Buradaki DNA grafiğinden, Kalkolitik ve Neolitik örneklerin (kırmızıyla daire içine alınmış) modern Ermeni genetik profili içinde iyi bir şekilde kümelendiğini ve Kafkasya’daki Etiuni örnekleriyle pek de iyi bir şekilde kümelenmediğini görebiliriz.

İşte modern popülasyonların Ermenistan Cumhuriyeti’ndeki (tarihi Doğu Ermenistan) Neolitik örneklerden genetik uzaklığının bir başka örneği. Burada yine modern Ermenilerin ve genetik olarak Ermenilere yakın olan insanların, Etiuni’den önceki Neolitik örneklere ve onların kültürel ve genetik atalarına en yakın olduklarını açıkça görebiliyoruz.

Peki ne oldu?

Yukarıda gördüğümüz gibi, Güney Kafkasya’daki çok daha eski Neolitik ve Kalkolitik örnekler (örneğin, Azerbaycan’ın ovalarından ve Ermenistan Cumhuriyeti’nden alınan örnekler) bize, Ermeni Dağlık Bölgesi’nin bu kısımlarını daha önce işgal eden insanların; antik çağ Ermenilere çok benziyordu. Bununla birlikte, Geç Tunç ve Erken Demir Çağlarında Doğu Ermenistan, Urartu yazıtlarında Etiunis ve belki de Diauhi olarak adlandırılan (kuzey) Kafkasyalıların (belki de çok sayıda) önemli bir istilasına maruz kalmış gibi görünüyor. Ancak Urartu Krallığı’nın yönlendirdiği Demir Çağı savaşları sırasında bu insanlar büyük ölçüde yerlerinden edilmiş, muhtemelen kuzeye, Kafkas Dağları’na doğru itilmişler ve genetik verilerden açıkça gördüğümüz ve Urartu kayıtlarından okuduğumuz gibi Doğu Ermenistan yeniden Ermenileştirilmiştir. Bu olay ya da belki daha eski bir olay, Khorenatsi’nin Nuh zamanında (Neolitik çağda) Ermenilerin Ararat Dağı çevresinde yaşadığını ancak daha sonra onların soyundan gelenlerin güneye, daha sıcak ülkelere, Van’a giderek buraları tekrar Ermenileştirdiği  Hayk/Haldi’ye kadar göç ettiğini anlattığı hikayesini yansıtıyor. Khorenatsi ayrıca Hayk’ın dönüşü sırasında bu toprakların başka kabileler tarafından işgal edildiğini, Hayk’ın da bir kısmını Ermeni halkına dahil ettiğini anlatıyor.
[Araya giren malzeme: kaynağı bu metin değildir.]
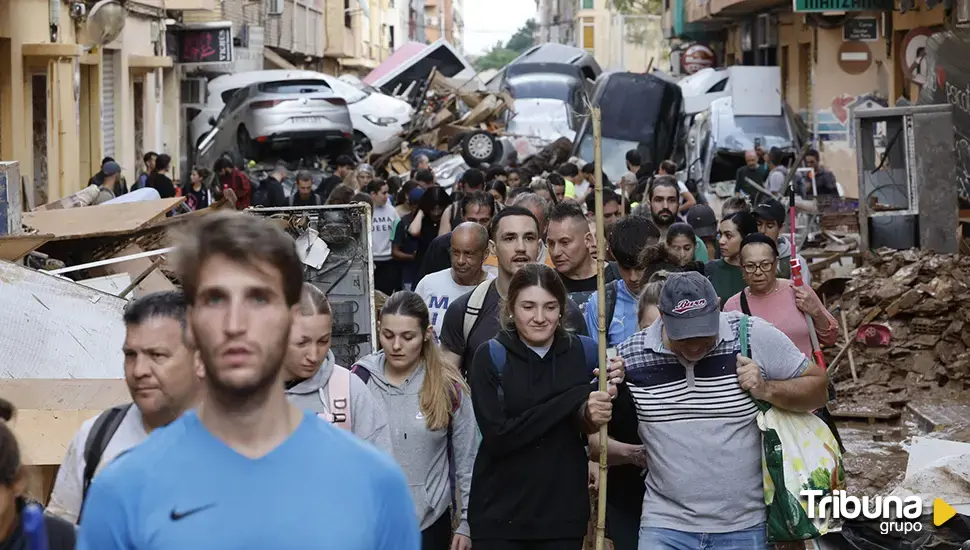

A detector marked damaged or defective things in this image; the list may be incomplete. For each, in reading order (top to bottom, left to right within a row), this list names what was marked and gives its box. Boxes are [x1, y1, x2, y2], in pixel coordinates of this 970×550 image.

crushed vehicle [190, 70, 412, 163]
crushed vehicle [572, 70, 684, 182]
Son olarak şunu da ekleyelim ki, elbette zaman içinde bir takım karşılıklı karışımlar meydana gelmiş olup, günümüz Ermenilerinin kökenlerinin Urartu ve Etiuni kökenli olmasının imkansız olmadığını da ekleyelim. Urartu belki genetik olarak, Etiuni ise kültürel olarak daha fazla. Ancak bu çok daha kafa karıştırıcı bir açıklamadır. Bu şu anlama gelecektir:

Etiuniler bir tür Ermenice konuşuyordu, ancak onların genetik torunları olan Gürcüler ve Abhazlar konuşmuyordu.

Ermeniler genetik olarak çoğunlukla Urartu’dur ama nedense kendi dillerini düşmanlarının diliyle değiştirmişlerdir.

Demir Çağı ve sonrasında bölgede genetik bir “Urartulaşma” görsek de, aynı zamanda bir kültürel Etiunizasyon dalgası da vardı.

Tüm bu tutarsızlıklar bir araya gelmiyor ve çok daha fazla zihinsel jimnastik gerektiriyor.